▶ **Your task**: Please restate the records below word for word, leaving out every picture.

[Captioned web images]
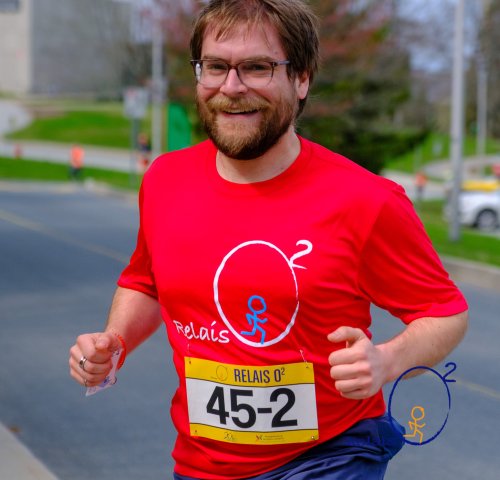 Courir pour se dcouvrir - Relais o2 2025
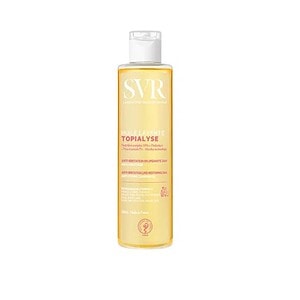 Huilă de curățare SVR. Huilă lavantă pentru ten, cu 97% ingrediente naturale, anti-iritant, pentru curățare profundă și restaurare ten.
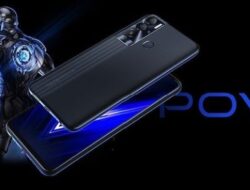 Tecno Pova Neo 5G Meluncur Bawa Kamera 50MP dan Baterai Jumbo, Intip Yuk Harganya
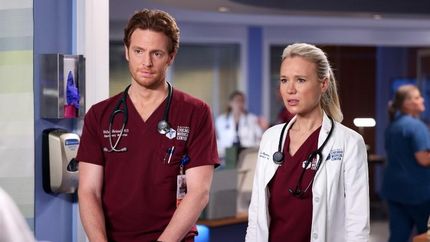 Lo nuevo de Chicago Med.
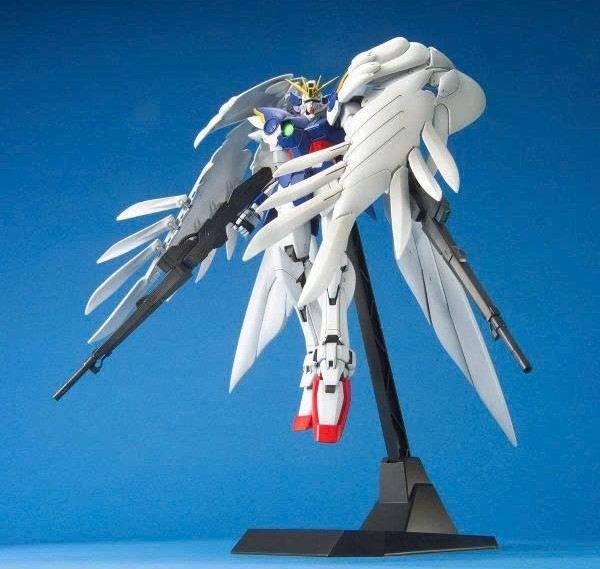 [HÀNG CÓ SẴN] BANDAI MG 1/100 WING GUNDAM ZERO CUSTOM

▶ **Response area**:
 Courir pour se dcouvrir - Relais o2 2025
 Huilă de curățare SVR. Huilă lavantă pentru ten, cu 97% ingrediente naturale, anti-iritant, pentru curățare profundă și restaurare ten.
 Tecno Pova Neo 5G Meluncur Bawa Kamera 50MP dan Baterai Jumbo, Intip Yuk Harganya
 Lo nuevo de Chicago Med.
 [HÀNG CÓ SẴN] BANDAI MG 1/100 WING GUNDAM ZERO CUSTOM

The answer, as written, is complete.